We must never forget the incredible achievements of our alliance. Together we crushed the apartheid dictatorship and have enjoyed 16 years of democracy and peace. Together we have produced a democratic Constitution and numerous laws which have given South Africans basic rights, to freedom, dignity and equality.

The ANC government has brought massive improvements to the lives of millions. It has increased the number of households with access to piped water to 89%, to electricity and lighting to 80% and to sanitation to 68%.

In 1996, only 3 million people had access to social grants; today the figure is 15 million and rising. It has built 1.6 million subsidised houses and provided 1.9 million housing subsidies.

No other party could have dreamed of achieving as much, and we only have to look at the Western Cape, to see the nightmare we can expect if the Democratic Alliance were to gain any ground next year. The mass eviction of poor communities and the open toilets saga are just the two best known episodes in the DA administration's war against the working class and the poor. The DA will always be the party of the rich and privileged, with no time for the interests of the majority.

All the other opposition parties are in total chaos. If they cannot sort out themselves, what hope is there that they can do anything to improve the lives of our people? No, there is absolutely no alternative next year to the ANC. Of course we still face huge challenges, but no party except the ANC can possibly confront those challenges.

Our key problems remain massive levels of poverty, unemployment, inequality and, as your Paper says, "the marginalisation of people and communities and other legacies of apartheid".

As the recent NGC declaration said: "Sixteen years into our democracy, while we have made substantial progress, we have not yet achieved true economic transformation, which should include fundamentally changing the structure of the economy and the distribution of wealth and income in our society... We have to achieve higher levels of growth and ensure that such growth benefits all of society, especially the poor".
The NGC was right. South Africa has become the most unequal society in the world and the distribution pattern of wealth and economic power has hardly changed, in either class or racial terms.

These are national problems requiring national solutions and we all hope that the New Growth Path, after a proper process of consultation and engagement, will provide the basis for a solution. The way forward is to build an economy based primarily on manufacturing industry, so that we beneficiate our own resources, using them to add value by turning them into manufactured goods and begin to reach the government's goal of creating five million decent, sustainable jobs over the next ten years.

All these problems are reflected at local level as well. At one extreme we have informal settlements where there is close to 100% unemployment, dire poverty, crime, corruption, xenophobia, the collapse of social and moral values and a constant struggle for basic essential services. Healthcare, education, and transport are minimal or non-existent and the quality of service is abysmal.

At the other extreme, we have an elite, still overwhelmingly white, who live in luxurious mansions with gardens and pools, buy world-class healthcare and education and have virtually exclusive access to forms of transport - the Gautrain, airlines and tolled highways - that the poor can never afford to use.

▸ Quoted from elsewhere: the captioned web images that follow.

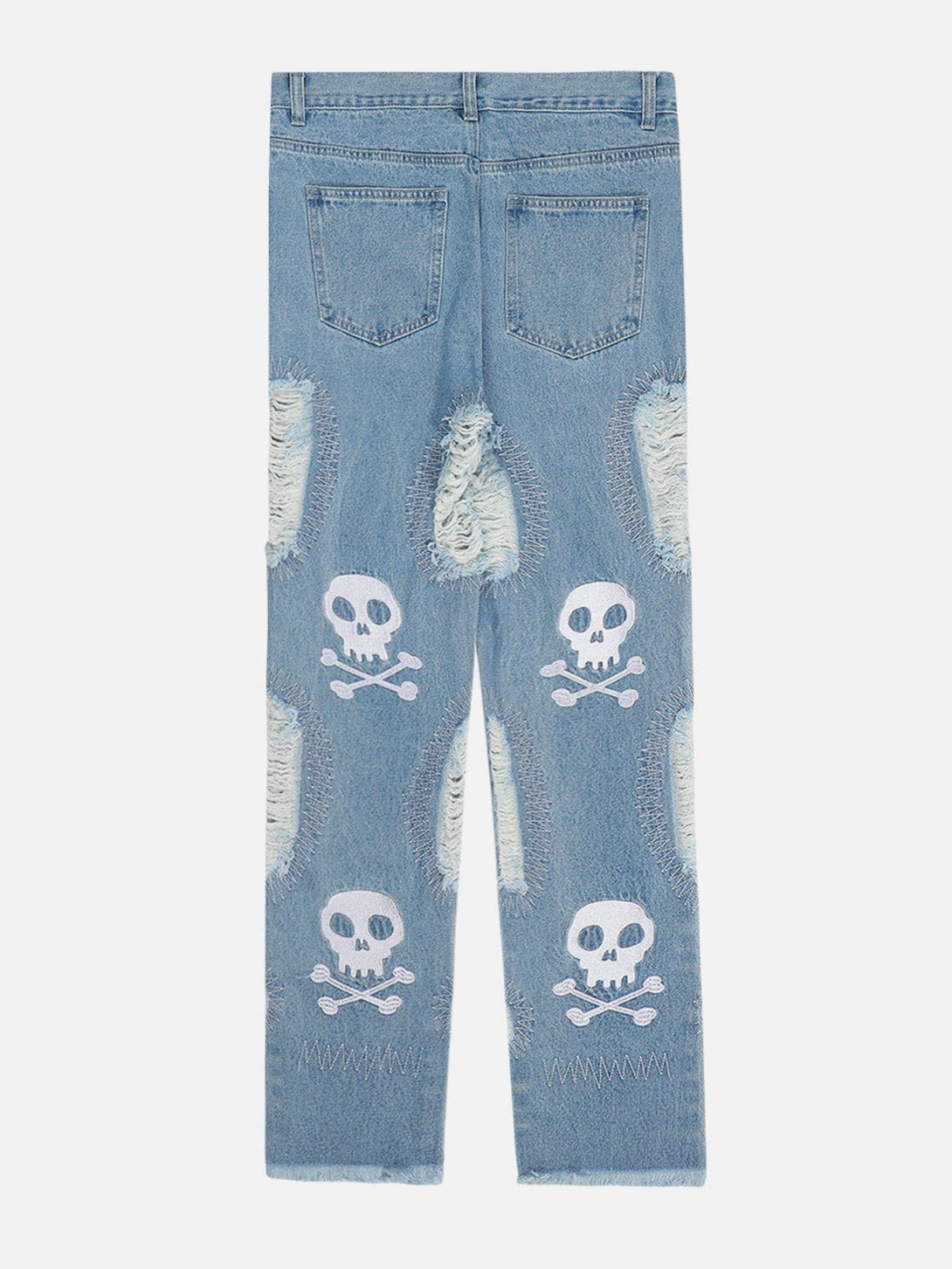 Helmiss - Holes Embroidery Skeleton Jeans- Streetwear Fashion - helmiss.com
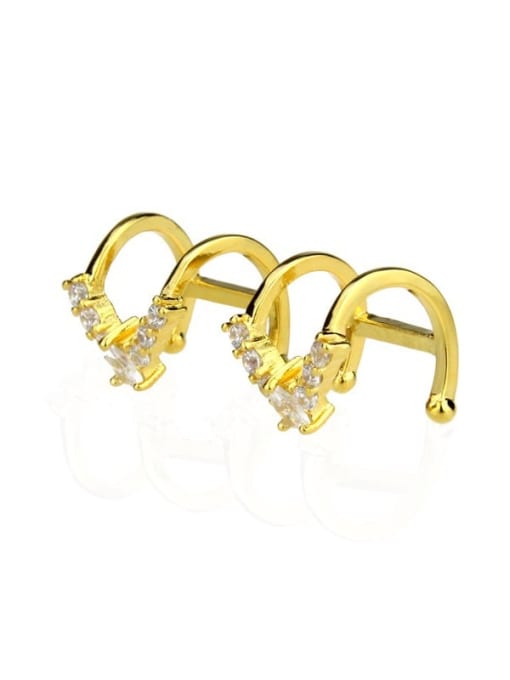 renchi Brass Geometric Cubic Zirconia  Minimalist Clip Earring 0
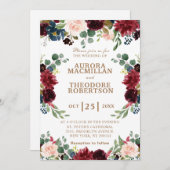 Burgundy Roos Navy Blush Unique Wedding Invitation (Voorkant / Achterkant)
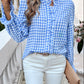 Frill Ruffled Plaid Long Sleeve Shirt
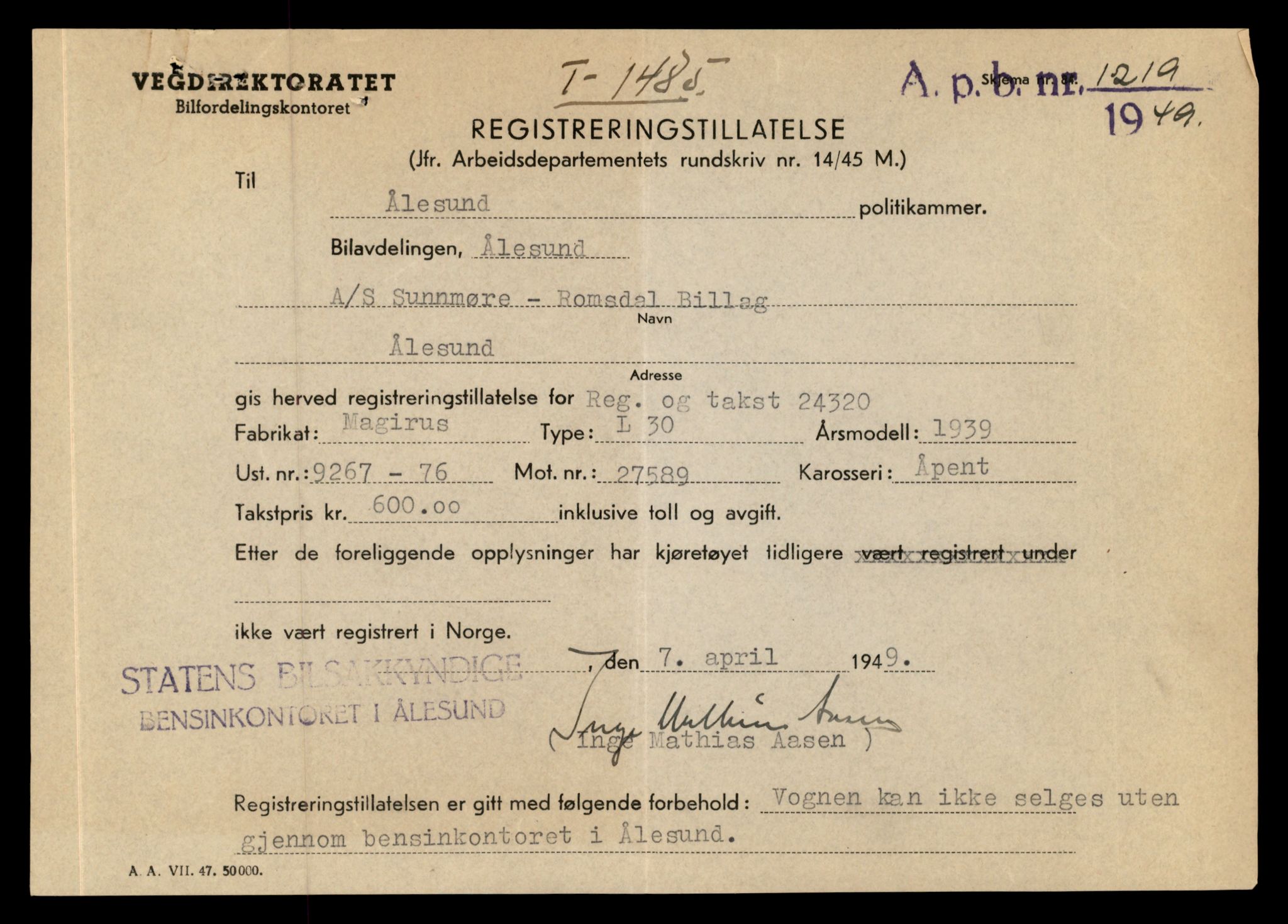 Møre og Romsdal vegkontor - Ålesund trafikkstasjon, AV/SAT-A-4099/F/Fe/L0010: Registreringskort for kjøretøy T 1050 - T 1169, 1927-1998, p. 1642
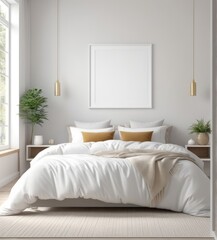 plain white frame in a cozy bedroom, 3d rendering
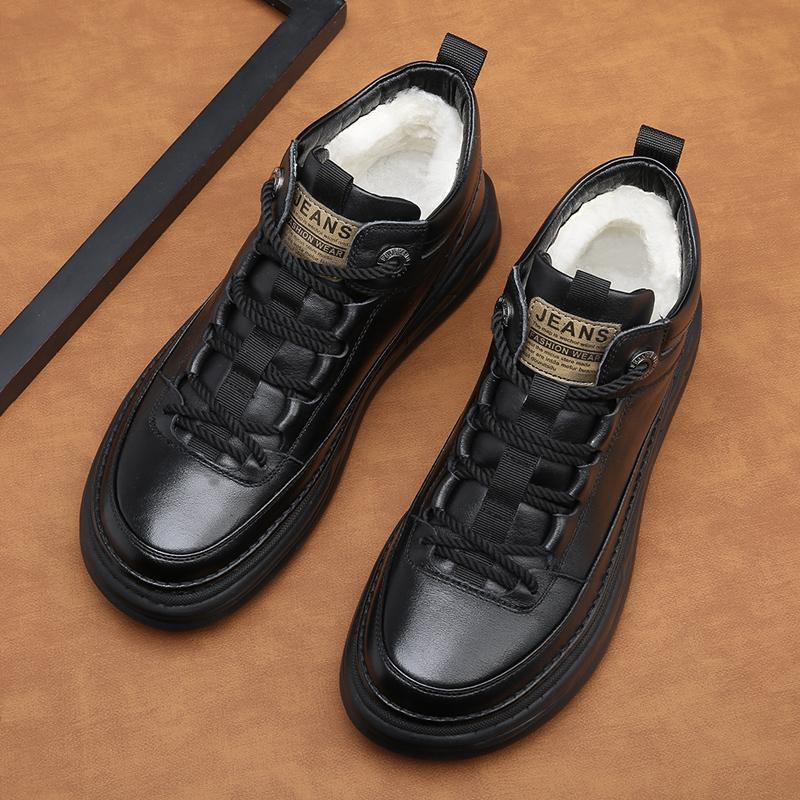 Fashion Winter Warm Plush High Top Shoes for Men's Thick Soles Wear-resistant Anti Slip Oxford Shoes Men's Genuine Leather Casual Shoes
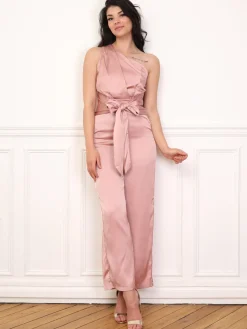 Sale La Modeuse Combinaison satinée et asymétrique VieuxRose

It is hardly surprising that in many of the poor communities, especially those living close to the wealthy suburbs, people have been involved in protests. In 2004, there were 10 such protests; in 2009 the figure had risen to 105, and as your Paper says it has already passed 83 in 2010!

We face not just personal and family disasters but a national catastrophe. We are sitting on a ticking bomb, and must find ways to address the problems these communities face.

It is a task we have to tackle together, and the ANC, as always, needs to involve not only its allies but the broader mass democratic movement, including organisations which spring up in communities to speak for the people.

That is why COSATU just like the ANC, has decided to work more closely with progressive civil society, to build a broad-based movement to confront the challenges we face. As the recent civil society conference made absolutely clear, however, this is not an anti-ANC or anti-government initiative, but the exact opposite - an attempt to work with the ANC and government to help us find solutions and to maintain the support of the majority.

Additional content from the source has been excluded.